Bonus content: virtual textures
These are my personal notes on the sparse bindless texture arrays video by Aurailus. This video looks great BUT it contains a bunch of errors, and it ended up leading me somewhat astray. The mistakes are pointed out in a very thorough, practical information dense comment thread started by @fabiangiesen306. I copied the comment chain below since I cannot link directly to a Youtube comment (nor do I trust in it remaining online longer than this page). I keep a link to this video because I still do find it useful on two accounts:
- As a very good explainer of virtual textures, once you factor in the correction
- As a cautionary tale on the fact that for many techniques, documentation is quite sparse, and that testing on small samples can be misleading
Textures management techniques:
- Texture arrays: Bind only once instead of once by texture.
- Virtual textures: Not all textures are actually backed by physical memory. The data is only loaded when it is required. Some form of indirection is required for mapping virtual resources to their location in physical memory.
- Sparse textures: Textures can be bound to memory non-contiguously. For instance, we could divide textures (including mipmaps) into tiles and update a single tile at a time. Some form of indirection is also required.
- Sparse virtual textures (aka megatextures): These mix the two above ideas. We split our textures (including mipmaps) into tiles (whose size match that of a page of physical memory; this is the sparse part), and we load such tiles in physical memory only when they are actually required (this is the virtual part). János Turánszki has a cool video showcasing what the result looks like in practice.
The performance of GPU-side virtual texturing is poor for security reasons: the system checks that you only ever access memory that is yours. I feel like those should be avoidable in most cases: if no other private computations are running on the GPU at the time, then why lock everything up? Oh, some desktop environments use the GPU. Still, I feel like always limiting performance is a bit silly.
Comment thread
I work on Unreal Engine on numerous things including most of the texture processing/streaming stack, some notes:
- GL implementation's low texture bind point limitation is really just a GL-ism. For example, on Windows, going back as far as D3D10 (that was 2006!), D3D required support for 128 texture bind points _per shader stage_. So you could have 128 textures for vertex shaders, another 128 for your fragment shaders, all in the same batch. GPU HW has supported way higher limits than GL usually exposes for decades.
- That said, even though the actual limit is usually way higher than you can access with unextended GL, bind point limits are per-batch. You can change the bound textures for every draw call if you want, and it is in fact completely normal for games to change active texture bindings many thousands of times per frame. This is true for GL as well.
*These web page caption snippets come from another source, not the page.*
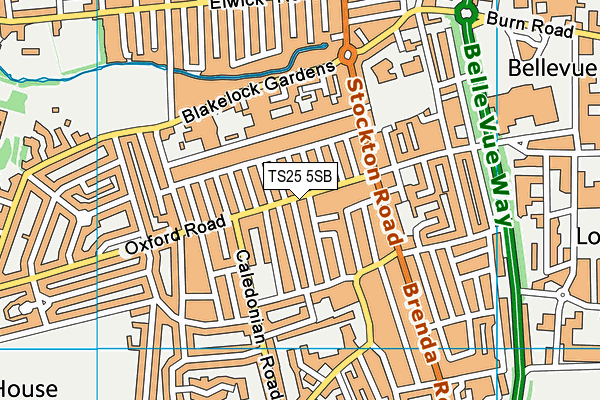 TS25 5SB map - OS VectorMap District (Ordnance Survey)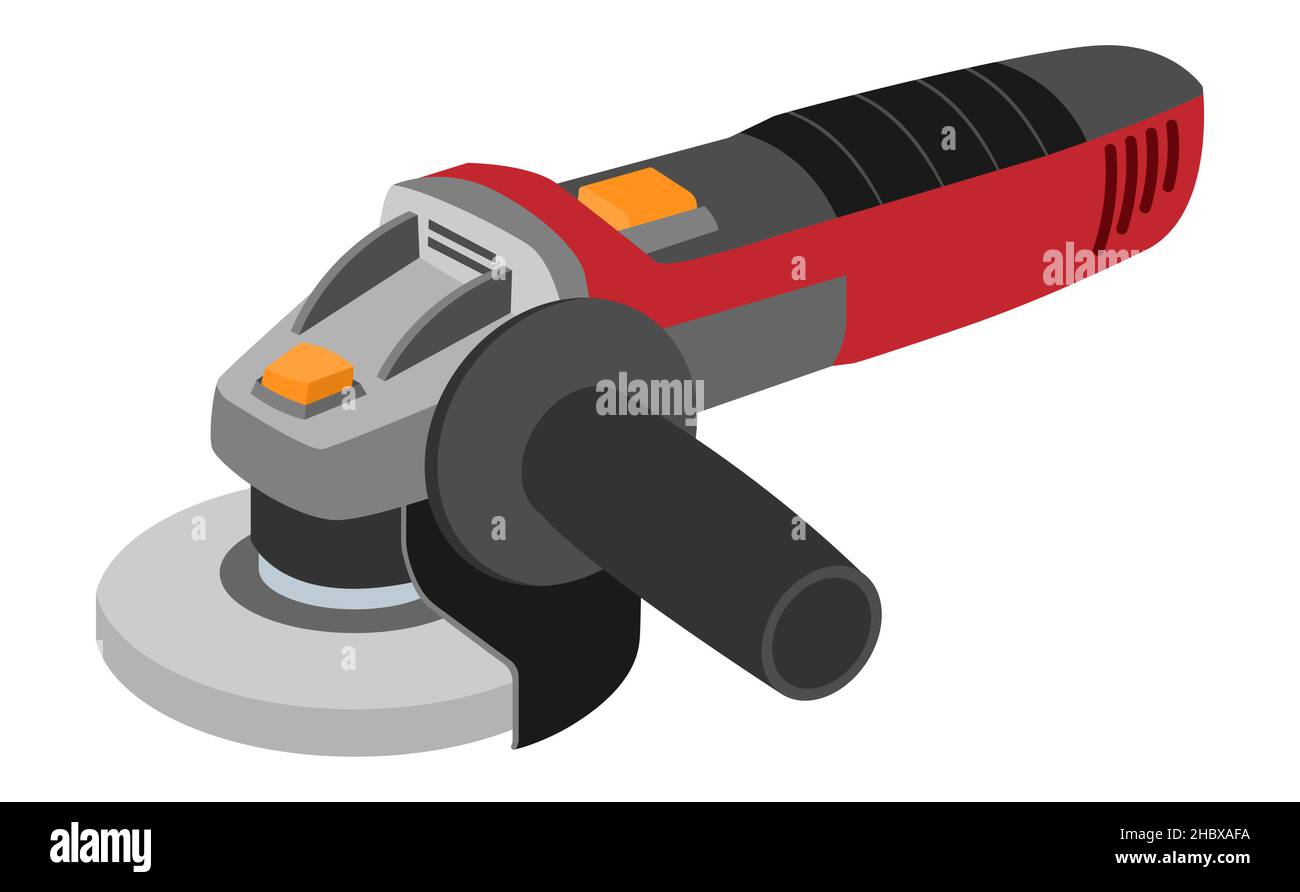 Electric angle grinder isolated on white background Stock Vector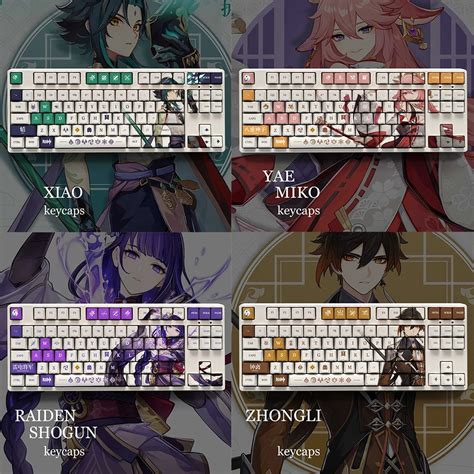 Genshin Impact Keycaps Keyboard Xiao Zhongli Raiden Shogun Yae Miko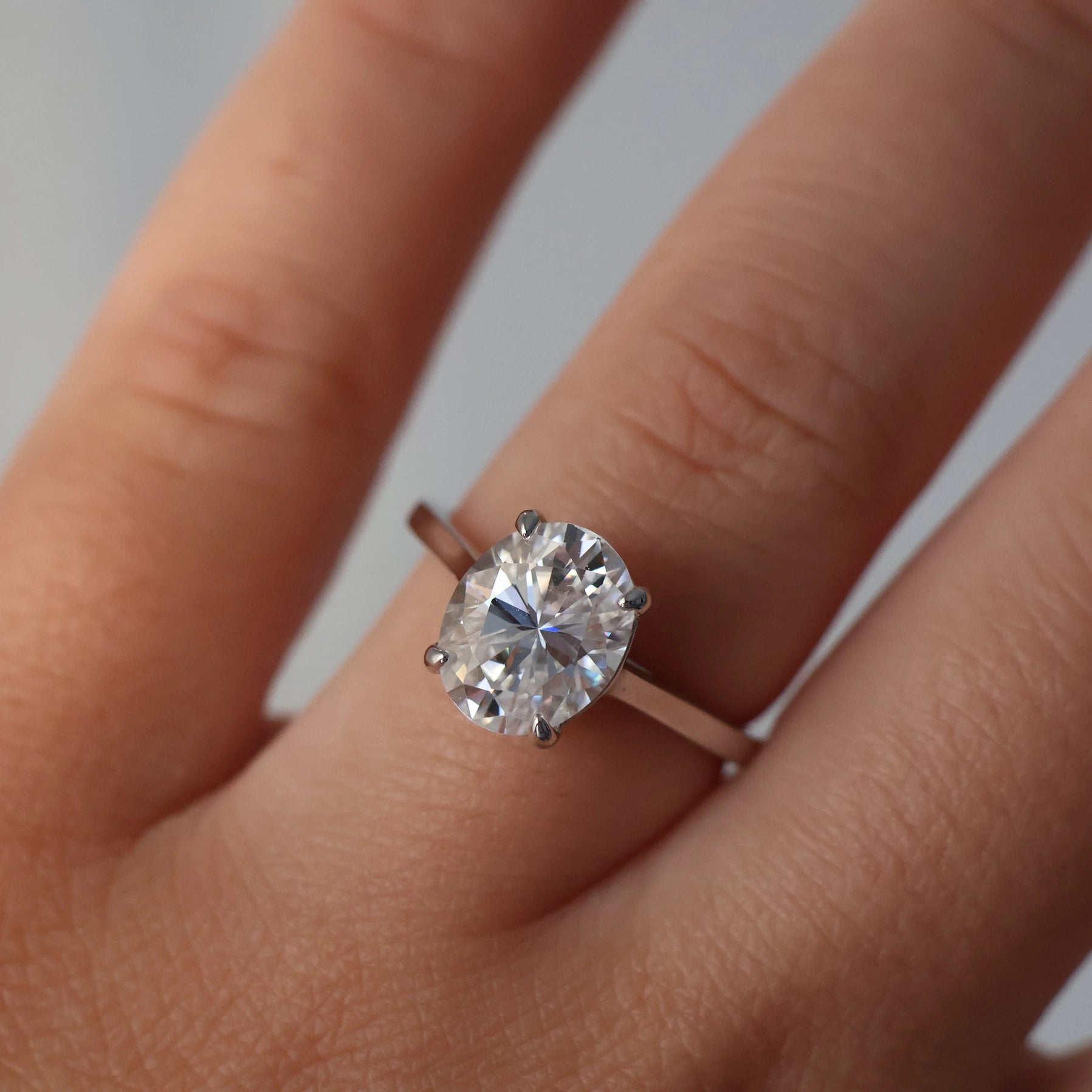 3 carat oval moissanite ring in 925 sterling silver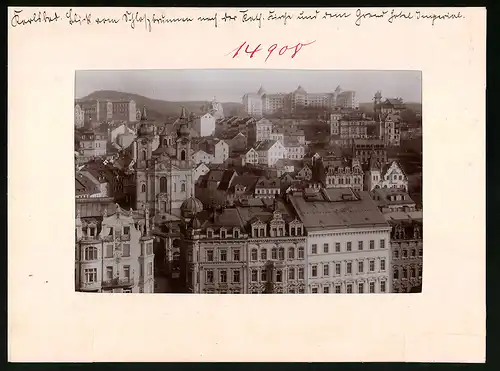 Fotografie Brück & Sohn Meissen, Ansicht Karlsbad, Blick über die Stadt nach dem Grandhotel Imperial und Kath. Kirche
- For a powers-of-2 size progression, if you don't want mip map filtering (and when you're using pixel art, you probably don't), you could just create a texture array at size say 512x512 with mip maps (which makes it ballpark 33% larger in memory than without) and then mip map 0 of it is a 512x512 texture array, mip map 1 is a 256x256 texture array, and so forth. You can use texture sampling instructions in the shader that specify the mip map explicitly and this will let you collapse a whole stack of texture sizes into a single bind point, if you want to avoid changing bindings frequently.
- That said, most games don't use texture arrays much. The most common path is still separate 2D textures and changing all texture bindings whenever the material changes between draw calls.
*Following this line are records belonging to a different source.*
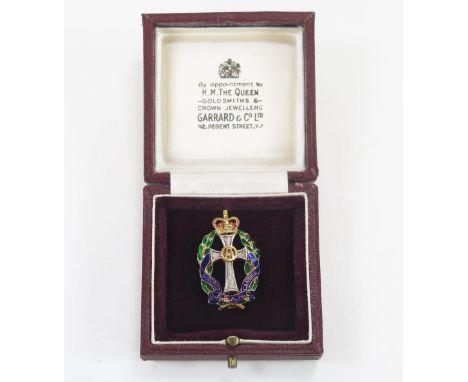 A Queens Alexandra's Royal Army Nursing Corps 9ct gold and enamel Regimental brooch, maker Garrard &amp; Co, Birmingham 1951,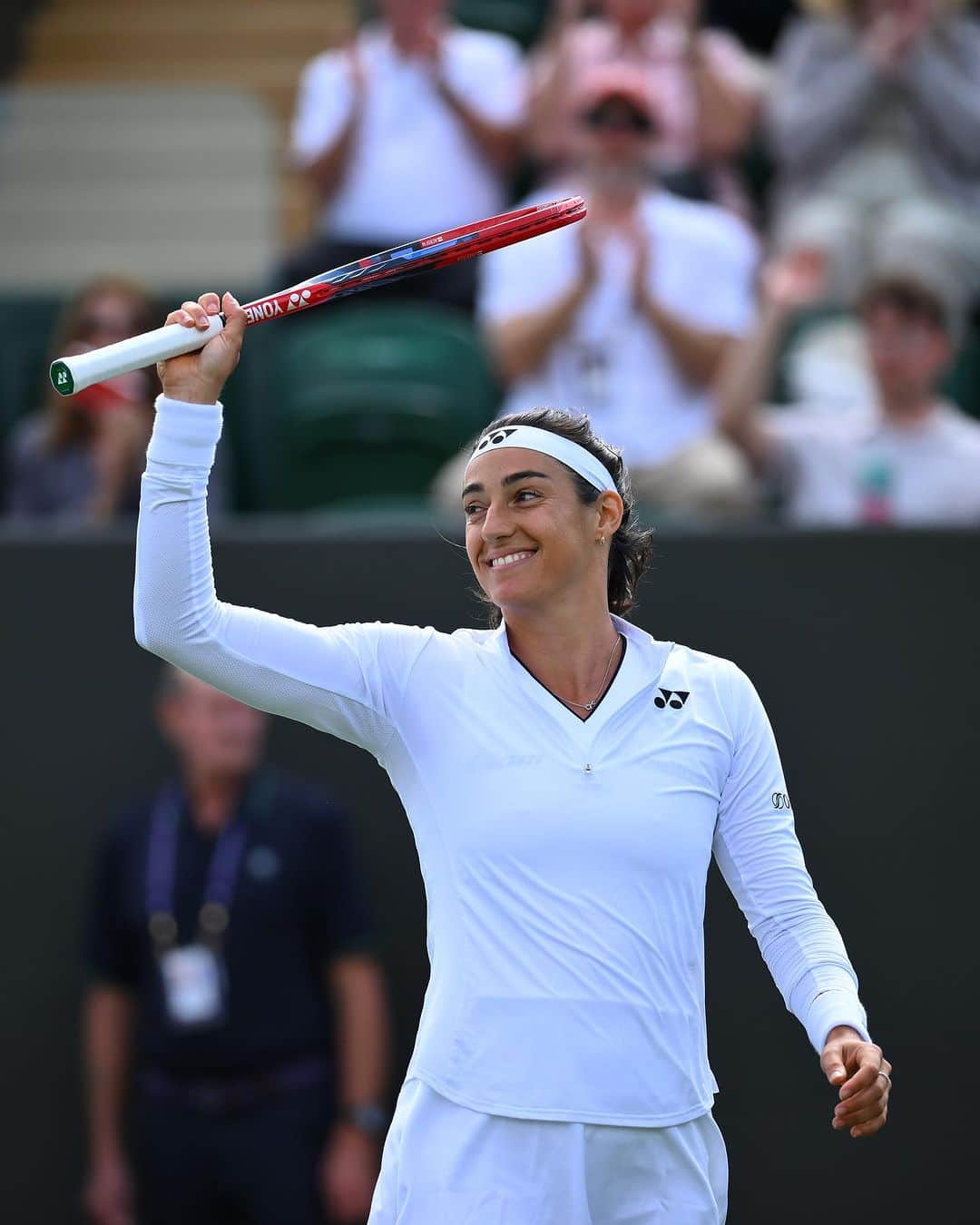 キャロライン・ガルシアのインスタグラム：「What a lovely smile 😊   📸 @cocodubreuilphoto / @fftennis   #Wimbledon」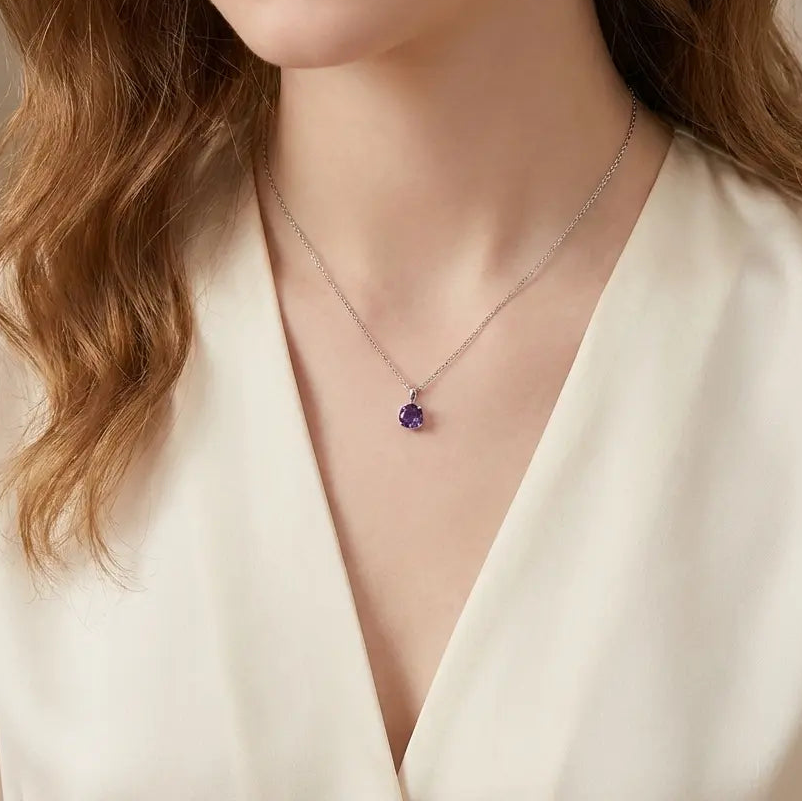 Collier en Argent avec Pierre Améthyste Violette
- Likewise with sparse textures. You need to distinguish between the technique and the actual hardware feature. The actual HW feature (what GL calls "sparse textures") exists but is rarely actually used by games, due to some fundamental problems with how it works. For example, Unreal Engine doesn't use it at all and instead just does it manually in the shader. See e.g. Sean Barrett's "Virtual Textures (aka Megatextures") video on YouTube, a re-recording of a GDC talk he gave in 2008. 2008 was before the dedicated HW feature existed, and most games and engines still use the old all-in-the-shader method. The issue is that the HW method involves manipulating the actual mapping of GPU virtual to physical addresses used by the GPU, which is security-sensitive since there might be data in GPU memory from a different process that you're not allowed to see. (Imagine e.g. a user having a browser tab with their email, a messaging app or their bank app open). So whenever you change the actual GPU virtual → physical mapping, any changes you make need to be vetted by the driver and the OS to ensure you're not trying to gain back-door access to memory you have no business looking at. That makes the "proper" sparse texture mapping update path relatively restricted and slow. The "old school" technique works purely with a manual indirection through your own textures, none of which requires any privileged access or special validation; you're allowed to poke around in your own texture memory, that's fine. So even though it's more work in the shader, updating the mapping can be done from the GPU (the official sparse texture mapping update is CPU-only, since the OS needs to check it) and is much more efficient, and this turns out to be a more important factor in most cases than the higher cost of texture sampling in the shader.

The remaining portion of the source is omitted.